Listed records
Segment Open
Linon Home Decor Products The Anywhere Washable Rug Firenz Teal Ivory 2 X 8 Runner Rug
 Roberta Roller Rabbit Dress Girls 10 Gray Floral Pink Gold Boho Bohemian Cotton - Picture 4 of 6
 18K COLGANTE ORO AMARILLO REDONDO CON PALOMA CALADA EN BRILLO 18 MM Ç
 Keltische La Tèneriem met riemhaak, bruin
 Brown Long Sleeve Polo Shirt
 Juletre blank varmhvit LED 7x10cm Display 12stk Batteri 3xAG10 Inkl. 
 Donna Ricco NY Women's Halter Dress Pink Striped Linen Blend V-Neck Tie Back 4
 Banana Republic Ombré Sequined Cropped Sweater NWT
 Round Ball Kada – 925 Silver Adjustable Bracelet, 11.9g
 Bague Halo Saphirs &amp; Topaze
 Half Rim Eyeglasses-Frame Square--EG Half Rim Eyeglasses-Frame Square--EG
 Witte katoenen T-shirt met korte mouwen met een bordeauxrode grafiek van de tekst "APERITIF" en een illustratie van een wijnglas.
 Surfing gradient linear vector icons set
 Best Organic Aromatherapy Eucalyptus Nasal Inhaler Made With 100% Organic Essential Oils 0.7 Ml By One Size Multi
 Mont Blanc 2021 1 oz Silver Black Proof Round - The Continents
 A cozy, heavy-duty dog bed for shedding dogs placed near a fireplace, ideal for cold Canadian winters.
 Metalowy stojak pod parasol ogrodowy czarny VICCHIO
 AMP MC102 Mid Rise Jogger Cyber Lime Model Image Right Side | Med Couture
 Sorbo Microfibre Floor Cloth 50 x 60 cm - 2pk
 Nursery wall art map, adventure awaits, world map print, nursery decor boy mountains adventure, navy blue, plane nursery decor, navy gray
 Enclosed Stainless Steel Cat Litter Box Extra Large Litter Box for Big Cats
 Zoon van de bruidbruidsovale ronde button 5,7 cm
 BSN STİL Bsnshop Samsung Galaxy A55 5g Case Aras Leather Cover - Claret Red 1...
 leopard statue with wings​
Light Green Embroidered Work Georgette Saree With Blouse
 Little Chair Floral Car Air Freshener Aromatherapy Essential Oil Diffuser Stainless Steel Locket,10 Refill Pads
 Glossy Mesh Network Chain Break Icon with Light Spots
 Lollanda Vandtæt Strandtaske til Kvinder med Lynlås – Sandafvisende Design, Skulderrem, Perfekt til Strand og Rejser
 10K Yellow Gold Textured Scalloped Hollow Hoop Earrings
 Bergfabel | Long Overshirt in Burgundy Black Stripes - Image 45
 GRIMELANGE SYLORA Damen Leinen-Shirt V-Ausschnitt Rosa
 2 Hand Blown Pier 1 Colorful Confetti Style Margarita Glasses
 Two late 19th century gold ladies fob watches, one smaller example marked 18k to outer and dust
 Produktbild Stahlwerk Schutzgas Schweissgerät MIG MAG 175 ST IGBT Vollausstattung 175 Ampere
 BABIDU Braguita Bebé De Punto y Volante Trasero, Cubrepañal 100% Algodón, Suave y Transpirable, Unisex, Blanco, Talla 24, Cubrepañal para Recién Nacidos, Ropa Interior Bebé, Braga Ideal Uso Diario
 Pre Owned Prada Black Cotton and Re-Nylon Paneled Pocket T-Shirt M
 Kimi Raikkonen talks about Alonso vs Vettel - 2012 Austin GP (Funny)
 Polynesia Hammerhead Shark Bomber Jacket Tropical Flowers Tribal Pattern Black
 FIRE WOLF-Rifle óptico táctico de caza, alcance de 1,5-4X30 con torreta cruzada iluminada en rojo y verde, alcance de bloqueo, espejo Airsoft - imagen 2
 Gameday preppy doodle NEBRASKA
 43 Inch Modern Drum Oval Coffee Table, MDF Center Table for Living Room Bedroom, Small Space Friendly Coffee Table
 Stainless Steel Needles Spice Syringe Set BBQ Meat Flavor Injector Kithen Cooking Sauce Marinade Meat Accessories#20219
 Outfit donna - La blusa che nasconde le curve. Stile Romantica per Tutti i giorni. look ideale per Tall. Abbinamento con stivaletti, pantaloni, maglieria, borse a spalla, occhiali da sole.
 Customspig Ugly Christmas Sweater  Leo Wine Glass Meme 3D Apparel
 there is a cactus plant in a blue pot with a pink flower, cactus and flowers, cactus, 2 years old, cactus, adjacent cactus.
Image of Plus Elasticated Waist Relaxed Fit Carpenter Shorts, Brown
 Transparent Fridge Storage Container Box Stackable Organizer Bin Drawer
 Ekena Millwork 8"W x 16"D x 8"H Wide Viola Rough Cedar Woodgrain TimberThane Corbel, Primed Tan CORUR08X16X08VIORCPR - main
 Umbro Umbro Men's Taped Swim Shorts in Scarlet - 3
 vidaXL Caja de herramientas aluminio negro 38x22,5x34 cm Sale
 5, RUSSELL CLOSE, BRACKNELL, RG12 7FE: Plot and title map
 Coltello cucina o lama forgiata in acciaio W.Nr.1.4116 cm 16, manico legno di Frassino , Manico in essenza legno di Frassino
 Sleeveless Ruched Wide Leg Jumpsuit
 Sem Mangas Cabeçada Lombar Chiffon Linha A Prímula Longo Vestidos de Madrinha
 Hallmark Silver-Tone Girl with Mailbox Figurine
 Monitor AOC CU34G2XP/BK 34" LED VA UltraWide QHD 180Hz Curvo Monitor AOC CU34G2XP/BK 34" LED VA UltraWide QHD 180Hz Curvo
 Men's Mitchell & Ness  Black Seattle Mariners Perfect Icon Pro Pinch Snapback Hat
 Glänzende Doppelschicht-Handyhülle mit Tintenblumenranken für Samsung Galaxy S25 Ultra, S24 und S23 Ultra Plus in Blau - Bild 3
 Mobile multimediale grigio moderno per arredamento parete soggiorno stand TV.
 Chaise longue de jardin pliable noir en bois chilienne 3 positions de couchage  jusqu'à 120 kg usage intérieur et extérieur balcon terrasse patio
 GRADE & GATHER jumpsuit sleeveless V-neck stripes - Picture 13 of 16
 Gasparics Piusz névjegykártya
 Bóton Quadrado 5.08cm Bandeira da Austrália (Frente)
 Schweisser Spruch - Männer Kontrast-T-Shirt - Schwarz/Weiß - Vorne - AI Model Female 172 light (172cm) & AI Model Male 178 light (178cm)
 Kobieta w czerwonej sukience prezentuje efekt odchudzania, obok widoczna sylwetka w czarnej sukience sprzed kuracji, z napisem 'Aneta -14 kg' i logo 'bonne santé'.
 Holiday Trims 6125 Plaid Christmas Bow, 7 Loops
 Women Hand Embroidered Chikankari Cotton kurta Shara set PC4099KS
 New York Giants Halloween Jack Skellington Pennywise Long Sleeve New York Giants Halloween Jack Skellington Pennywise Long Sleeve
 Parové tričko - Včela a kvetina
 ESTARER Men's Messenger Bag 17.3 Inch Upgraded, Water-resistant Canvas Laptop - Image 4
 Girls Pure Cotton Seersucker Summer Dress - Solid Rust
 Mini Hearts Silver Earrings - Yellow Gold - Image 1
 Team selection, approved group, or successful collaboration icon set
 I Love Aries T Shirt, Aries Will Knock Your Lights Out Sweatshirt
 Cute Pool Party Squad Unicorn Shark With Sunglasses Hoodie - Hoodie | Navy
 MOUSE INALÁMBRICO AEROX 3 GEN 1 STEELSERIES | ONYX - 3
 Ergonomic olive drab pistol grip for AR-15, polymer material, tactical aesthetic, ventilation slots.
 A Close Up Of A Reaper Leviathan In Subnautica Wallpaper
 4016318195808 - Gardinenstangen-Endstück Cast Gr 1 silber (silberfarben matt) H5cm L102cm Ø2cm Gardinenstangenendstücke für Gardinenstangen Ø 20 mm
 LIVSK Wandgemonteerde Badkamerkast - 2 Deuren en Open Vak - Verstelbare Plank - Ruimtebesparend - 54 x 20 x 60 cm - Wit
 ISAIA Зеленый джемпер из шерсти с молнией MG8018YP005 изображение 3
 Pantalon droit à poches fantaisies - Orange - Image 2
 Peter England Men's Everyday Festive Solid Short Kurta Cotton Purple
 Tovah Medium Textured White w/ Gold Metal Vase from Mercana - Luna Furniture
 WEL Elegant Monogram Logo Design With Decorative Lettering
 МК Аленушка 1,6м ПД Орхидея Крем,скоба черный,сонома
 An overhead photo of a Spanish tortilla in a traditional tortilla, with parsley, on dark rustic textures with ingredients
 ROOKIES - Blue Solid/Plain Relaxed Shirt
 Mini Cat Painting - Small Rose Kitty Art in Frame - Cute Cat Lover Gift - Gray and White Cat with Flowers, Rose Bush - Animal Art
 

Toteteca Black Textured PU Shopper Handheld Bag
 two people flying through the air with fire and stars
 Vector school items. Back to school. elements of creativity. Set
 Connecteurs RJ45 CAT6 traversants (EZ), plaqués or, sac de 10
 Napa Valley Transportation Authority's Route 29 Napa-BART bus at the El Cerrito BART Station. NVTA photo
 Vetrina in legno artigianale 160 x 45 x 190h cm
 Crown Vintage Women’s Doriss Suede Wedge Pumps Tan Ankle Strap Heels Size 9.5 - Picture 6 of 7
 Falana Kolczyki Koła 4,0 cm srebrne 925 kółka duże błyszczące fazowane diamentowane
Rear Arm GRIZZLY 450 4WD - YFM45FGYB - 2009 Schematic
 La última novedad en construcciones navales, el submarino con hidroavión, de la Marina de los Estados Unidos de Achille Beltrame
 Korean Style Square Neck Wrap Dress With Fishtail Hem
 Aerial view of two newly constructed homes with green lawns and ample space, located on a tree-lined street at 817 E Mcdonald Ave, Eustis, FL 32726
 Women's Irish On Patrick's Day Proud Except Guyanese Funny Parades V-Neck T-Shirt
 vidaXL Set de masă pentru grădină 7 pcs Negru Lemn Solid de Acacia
Segment Closed
What you have to do
Please, from the material above, copy only the lines from the line with "5, RUSSELL CLOSE, BRACKNELL, RG12" up to and including the line with "Parové tričko - Včela a kvetina", exactly as written.

Result
 5, RUSSELL CLOSE, BRACKNELL, RG12 7FE: Plot and title map
 Coltello cucina o lama forgiata in acciaio W.Nr.1.4116 cm 16, manico legno di Frassino , Manico in essenza legno di Frassino
 Sleeveless Ruched Wide Leg Jumpsuit
 Sem Mangas Cabeçada Lombar Chiffon Linha A Prímula Longo Vestidos de Madrinha
 Hallmark Silver-Tone Girl with Mailbox Figurine
 Monitor AOC CU34G2XP/BK 34" LED VA UltraWide QHD 180Hz Curvo Monitor AOC CU34G2XP/BK 34" LED VA UltraWide QHD 180Hz Curvo
 Men's Mitchell & Ness  Black Seattle Mariners Perfect Icon Pro Pinch Snapback Hat
 Glänzende Doppelschicht-Handyhülle mit Tintenblumenranken für Samsung Galaxy S25 Ultra, S24 und S23 Ultra Plus in Blau - Bild 3
 Mobile multimediale grigio moderno per arredamento parete soggiorno stand TV.
 Chaise longue de jardin pliable noir en bois chilienne 3 positions de couchage  jusqu'à 120 kg usage intérieur et extérieur balcon terrasse patio
 GRADE & GATHER jumpsuit sleeveless V-neck stripes - Picture 13 of 16
 Gasparics Piusz névjegykártya
 Bóton Quadrado 5.08cm Bandeira da Austrália (Frente)
 Schweisser Spruch - Männer Kontrast-T-Shirt - Schwarz/Weiß - Vorne - AI Model Female 172 light (172cm) & AI Model Male 178 light (178cm)
 Kobieta w czerwonej sukience prezentuje efekt odchudzania, obok widoczna sylwetka w czarnej sukience sprzed kuracji, z napisem 'Aneta -14 kg' i logo 'bonne santé'.
 Holiday Trims 6125 Plaid Christmas Bow, 7 Loops
 Women Hand Embroidered Chikankari Cotton kurta Shara set PC4099KS
 New York Giants Halloween Jack Skellington Pennywise Long Sleeve New York Giants Halloween Jack Skellington Pennywise Long Sleeve
 Parové tričko - Včela a kvetina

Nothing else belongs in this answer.